The majority seemingly acknowledged the dissent. This limitation may have been in response to the dissent, which feared that the court’s holding could result in the Department’s paying a refund to the wrong person or failing to offset a refund against other tax liabilities owed to the taxpayer entitled to the refund. While these concerns may be theoretically valid, practically speaking both the courts and tax administrators require ample proof that a person claiming a refund is entitled to that refund and, in any event, tax collectors are authorized to recoup erroneous refunds from the payee.
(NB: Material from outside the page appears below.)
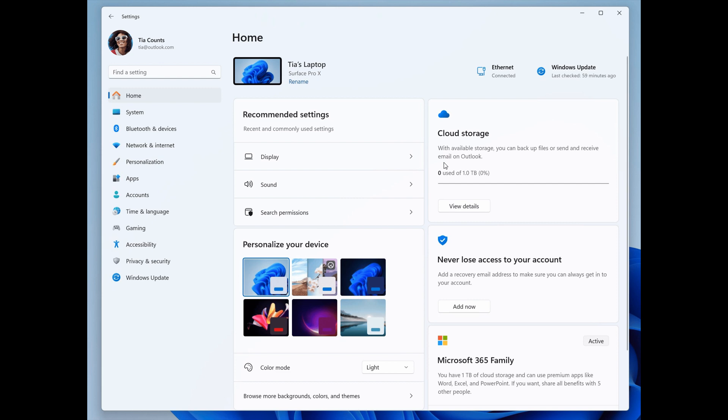Now, this is rolling out now and should be available now to all Windows insiders in the beta channel, where last week only some beta channel insiders received the new settings homepage.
Analysis. The decision in J-W Power is important for two reasons. First, it formally recognizes that a duly authorized agent may represent a taxpayer in tax matters. Second, and perhaps more important, the court refused to apply the concept of sui generis to the case and, instead, used the Louisiana Civil Code, Code of Civil Procedure, and the Tax Code in arriving at its decision.

The concept of sui generis is an incantation used by a party to prevent an opposing party from employing concepts that arise outside of tax law to, as in this case, interpret, clarify, or supplement the tax law. Properly, the concept is applicable only to limiting the remedies available to a taxpayer to those authorized in the Tax Code, as opposed to remedies that may be available in other areas of the law. See, for instance, those remedies cited by the supreme court in footnote 12 of its J-W Power opinion. One hopes that the decision will prevent the concept of sui generis from being blindly applied in tax cases.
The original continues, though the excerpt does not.